The US Dollar Index (DXY) gets a bit of a tailwind out of an unexpected corner as China disappointed markets. The measures that came out of the National People’s Congress are being written off as too little, with traders switching away their long Renminbi bets and allocating them to long US Dollar positions. 

The 100-day Simple Moving Average (SMA) near 103.91 got snapped this Tuesday, where a daily close above would be quite a bullish signal. Should the US Dollar be able to cross above it, 104.60 is het next first target ahead. A firm step beyond there 105.88 comes into reach, the high from November 2023. Ultimately, 107.20 – the high of 2023 – could come back into scope. 

Looking down, the 200-day Simple Moving Average at 103.74 has been broken a few times recently, though it has not seen a daily close below it last week, showcasing its importance. The 200-day SMA should not let go that easily, so a small retreat back to that level could be more than granted. Ultimately, should it lose its force, prices could fall to 103.22, the 55-day SMA, before testing 103.00. 

US Dollar FAQs

What is the US Dollar?

The US Dollar (USD) is the official currency of the United States of America, and the ‘de facto’ currency of a significant number of other countries where it is found in circulation alongside local notes. It is the most heavily traded currency in the world, accounting for over 88% of all global foreign exchange turnover, or an average of $6.6 trillion in transactions per day, according to data from 2022.
Following the second world war, the USD took over from the British Pound as the world’s reserve currency. For most of its history, the US Dollar was backed by Gold, until the Bretton Woods Agreement in 1971 when the Gold Standard went away.

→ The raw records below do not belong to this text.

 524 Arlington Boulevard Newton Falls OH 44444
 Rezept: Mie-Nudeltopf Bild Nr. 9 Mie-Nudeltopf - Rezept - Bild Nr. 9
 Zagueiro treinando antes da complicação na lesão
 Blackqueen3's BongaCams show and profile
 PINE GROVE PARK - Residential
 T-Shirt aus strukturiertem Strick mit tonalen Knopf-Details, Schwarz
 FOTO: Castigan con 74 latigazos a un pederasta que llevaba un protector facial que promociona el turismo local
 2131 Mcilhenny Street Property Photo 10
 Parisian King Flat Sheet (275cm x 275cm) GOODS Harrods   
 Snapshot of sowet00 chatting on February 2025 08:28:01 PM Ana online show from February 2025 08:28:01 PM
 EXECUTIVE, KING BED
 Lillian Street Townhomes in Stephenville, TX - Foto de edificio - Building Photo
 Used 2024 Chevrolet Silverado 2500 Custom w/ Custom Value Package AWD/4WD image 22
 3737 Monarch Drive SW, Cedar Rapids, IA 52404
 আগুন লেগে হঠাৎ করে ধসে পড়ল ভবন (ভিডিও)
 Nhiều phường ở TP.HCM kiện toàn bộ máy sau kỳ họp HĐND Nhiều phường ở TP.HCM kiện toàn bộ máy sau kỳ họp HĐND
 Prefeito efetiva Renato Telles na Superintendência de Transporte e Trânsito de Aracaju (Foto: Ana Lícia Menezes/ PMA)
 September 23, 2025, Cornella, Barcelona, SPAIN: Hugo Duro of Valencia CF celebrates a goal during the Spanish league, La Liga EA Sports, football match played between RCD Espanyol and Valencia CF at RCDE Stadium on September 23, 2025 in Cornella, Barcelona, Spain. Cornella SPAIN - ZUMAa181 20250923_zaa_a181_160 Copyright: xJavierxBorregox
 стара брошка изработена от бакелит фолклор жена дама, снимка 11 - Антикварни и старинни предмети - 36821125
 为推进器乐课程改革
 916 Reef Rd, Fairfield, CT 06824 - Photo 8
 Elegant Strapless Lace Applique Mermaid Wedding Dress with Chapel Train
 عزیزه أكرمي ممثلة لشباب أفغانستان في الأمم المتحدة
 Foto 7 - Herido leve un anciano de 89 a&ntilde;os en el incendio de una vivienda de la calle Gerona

How do the decisions of the Federal Reserve impact the US Dollar?

The most important single factor impacting on the value of the US Dollar is monetary policy, which is shaped by the Federal Reserve (Fed). The Fed has two mandates: to achieve price stability (control inflation) and foster full employment. Its primary tool to achieve these two goals is by adjusting interest rates.
When prices are rising too quickly and inflation is above the Fed’s 2% target, the Fed will raise rates, which helps the USD value. When inflation falls below 2% or the Unemployment Rate is too high, the Fed may lower interest rates, which weighs on the Greenback.

What is Quantitative Easing and how does it influence the US Dollar?

In extreme situations, the Federal Reserve can also print more Dollars and enact quantitative easing (QE). QE is the process by which the Fed substantially increases the flow of credit in a stuck financial system.
It is a non-standard policy measure used when credit has dried up because banks will not lend to each other (out of the fear of counterparty default). It is a last resort when simply lowering interest rates is unlikely to achieve the necessary result. It was the Fed’s weapon of choice to combat the credit crunch that occurred during the Great Financial Crisis in 2008. It involves the Fed printing more Dollars and using them to buy US government bonds predominantly from financial institutions. QE usually leads to a weaker US Dollar.

What is Quantitative Tightening and how does it influence the US Dollar?

Quantitative tightening (QT) is the reverse process whereby the Federal Reserve stops buying bonds from financial institutions and does not reinvest the principal from the bonds it holds maturing in new purchases. It is usually positive for the US Dollar.